On May 4, 2021, the circuit court clerk filed a motion to dismiss the Wrens' case "for want of prosecution pursuant to Rule 41(d)(1) of the Mississippi Rules of Civil Procedure" because there had been no action on the record in the preceding twelve months. On June 4, 2021, the Wrens filed a notice to offer self-authenticating medical records "prepared by Flexworx, its employees, physicians and nurses[.]" On January 3, 2022, the Wrens each filed a notice to take a video deposition of one of their treating physicians, Dr. Oakley Jordan, on January 24, 2022. However, on January 12, 2022, the Wrens filed a re-notice to take Dr. Jordan's video deposition on February 11, 2022. The deposition was to occur in Memphis, Tennessee. On the day of the scheduled deposition, the Wrens canceled it about "an hour and fifteen minutes before" it was to start. According to the Wrens, the cancellation was necessary because they learned that Tomekicia had been in a car wreck six months before the instant accident, which would potentially affect the case. The record contains communication between the Wrens and Zellers regarding the cancellation of the expert deposition.
On July 21, 2022, Zellers filed a Rule 41(b) motion to dismiss the case for lack of prosecution. He alleged that the Wrens had "shown a clear record of delay in this action" ....
On January 18, 2023, the Wrens filed a response to Zellers's previous motion to dismiss and contended the case had no "extreme circumstances" that would merit a dismissal of the case. On January 19, 2023, a hearing was held on the motion to dismiss for lack of prosecution. There, the Wrens expounded on the reasoning for the delay citing numerous obstacles such as the COVID-19 pandemic, changes with Zellers's insurance companies, and motions being filed for additional counsel on Zellers's part.
Id. at 1013-14 (¶¶3-5) (paragraph numbering omitted).

¶32. However, in that case we agreed with the circuit court that the COVID-19 pandemic was an unpersuasive reason for the delay, and we reasoned that because "the circuit judge was explicitly clear that she continued to have litigants appear in person and on Zoom" the delay was inexcusable. Id. at 1016 (¶13). In Wren, this Court found that there were several periods of time where the plaintiffs took no action in the case. Id. at (¶12). They propounded discovery, responded to the discovery requests, and went on to file their designation of experts (which was not included in the defense's motion to compel).

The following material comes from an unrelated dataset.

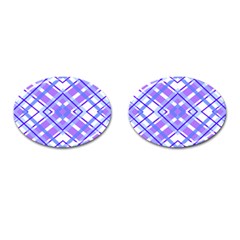 Geometric Plaid Pale Purple Blue Cufflinks (Oval)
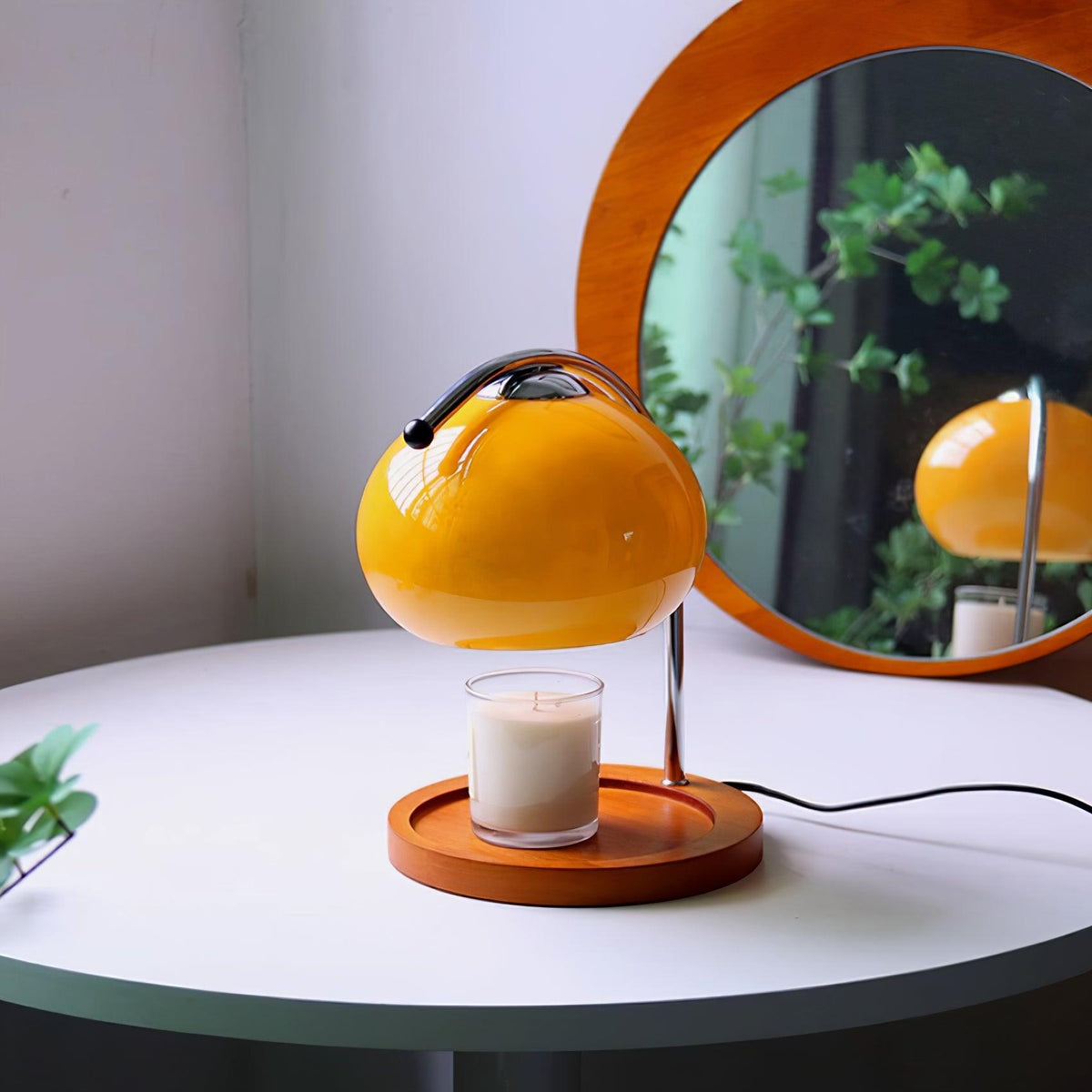 Chauffe-Bougie Lampe Design — Bras Bois Réglable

Id. at 1013 (¶3). While not properly pursued, the Wrens at least filed a notice to take a video deposition before Zellers filed a motion to dismiss for lack of prosecution, and in that instance we held that the trial court did not abuse its discretion and affirmed its decision to dismiss the case. Id. at 1017 (¶15). Even though we held there was a clear record of delay in Wren, as explained in the facts above, there was more activity taken by the plaintiffs in that case compared to the case sub judice in which no activity was taken.

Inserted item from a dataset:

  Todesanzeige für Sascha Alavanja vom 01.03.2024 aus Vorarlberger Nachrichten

¶33. The Tisdales' case fairly differs from Wren because the only actions taken by the Tisdales from the time the complaint was filed in March 2019 to the time the motion to dismiss was filed by SCRMC in August 2021 were Turner's withdrawal as counsel, Williamson's and Tynes' entries of appearance, and the notice of the change of address. None of these actions necessarily advanced the case to judgment. In its order, the circuit court stated:

COVID is not a sufficient justification for Plaintiffs' current counsel to delay responding to Defendant's discovery for another ten (10) months. Indeed, it only took Plaintiffs' counsel eight (8) days to file answers and responses after the Defendant filed its Motion to Dismiss. And, as noted above, the Plaintiffs still have filed no discovery of their own.

Moreover, the Tisdales even admitted in their motion to alter or amend the judgment that the court was never actually closed.

¶34. Thus, we find that the pandemic did not keep the Tisdales from responding to SCRMC's interrogatories and requests for production that was served on August 21, 2019, six months before the pandemic was declared.

¶35. The plaintiffs failed to provide any excusable reasons for the over twenty-four month delay; therefore, we find that the circuit court did not abuse its discretion in granting the motion to dismiss for lack of prosecution.

B. Lesser Sanctions

¶36. Although we find the trial court did not abuse its discretion, we will address whether lesser sanctions would have better served the interests of justice. Lesser sanctions may include "fines, costs, or damages against plaintiff or his counsel, attorney disciplinary measures, conditional dismissal, dismissal without prejudice, and explicit warnings." Cox v. Cox, 976 So.2d 869, 879 (¶24) (Miss. 2008) (internal quotation marks omitted). Our supreme court "has never required a trial judge to enumerate each and every lesser available sanction and in turn state why each does not apply." Regan v. S. Cent. Reg'l Med. Ctr., 234 So.3d 1242, 1247 (¶20) (Miss. 2017). The circuit court heard arguments regarding lesser- sanction proposals during the hearing on SCRMC's motion to dismiss and addressed why lesser sanctions would not be appropriate its order of dismissal. The circuit court stated that given the lengthy delay, the only appropriate sanction was to dismiss the case with prejudice.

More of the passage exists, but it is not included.